■ EXERCISE
The listing below holds a line with "Scala Nuova Annex" and a line with "Creek, FL 33073". Reproduce those two lines exactly, plus everything between them.

■ DATA FOR THIS TASK
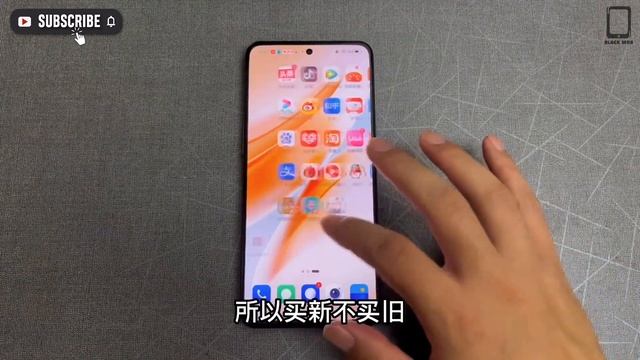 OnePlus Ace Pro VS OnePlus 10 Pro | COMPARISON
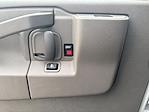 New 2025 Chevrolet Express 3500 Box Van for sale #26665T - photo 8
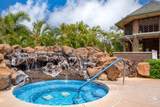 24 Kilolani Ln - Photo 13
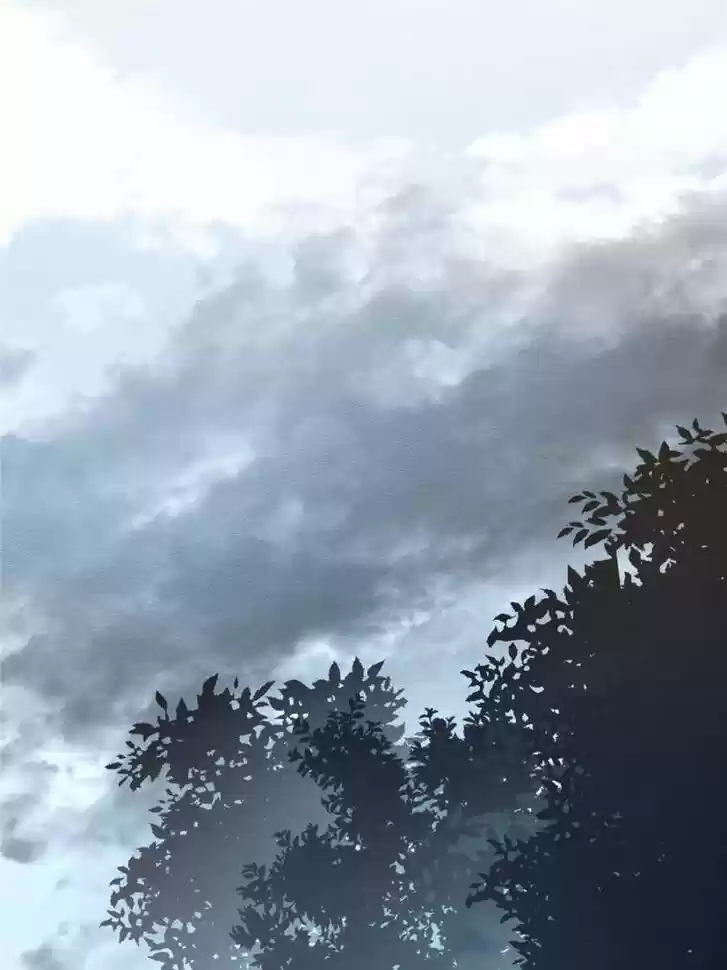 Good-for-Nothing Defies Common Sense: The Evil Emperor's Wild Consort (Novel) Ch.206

---

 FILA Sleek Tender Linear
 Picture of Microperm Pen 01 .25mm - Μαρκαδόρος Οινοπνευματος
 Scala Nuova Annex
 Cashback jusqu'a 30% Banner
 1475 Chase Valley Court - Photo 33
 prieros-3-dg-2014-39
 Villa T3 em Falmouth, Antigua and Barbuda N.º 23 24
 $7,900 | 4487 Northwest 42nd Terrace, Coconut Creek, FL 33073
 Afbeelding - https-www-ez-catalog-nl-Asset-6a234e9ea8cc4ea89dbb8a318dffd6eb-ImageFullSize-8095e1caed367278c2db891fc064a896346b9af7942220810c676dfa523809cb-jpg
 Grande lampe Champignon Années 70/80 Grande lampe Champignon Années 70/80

■ WORKED SOLUTION
 Scala Nuova Annex
 Cashback jusqu'a 30% Banner
 1475 Chase Valley Court - Photo 33
 prieros-3-dg-2014-39
 Villa T3 em Falmouth, Antigua and Barbuda N.º 23 24
 $7,900 | 4487 Northwest 42nd Terrace, Coconut Creek, FL 33073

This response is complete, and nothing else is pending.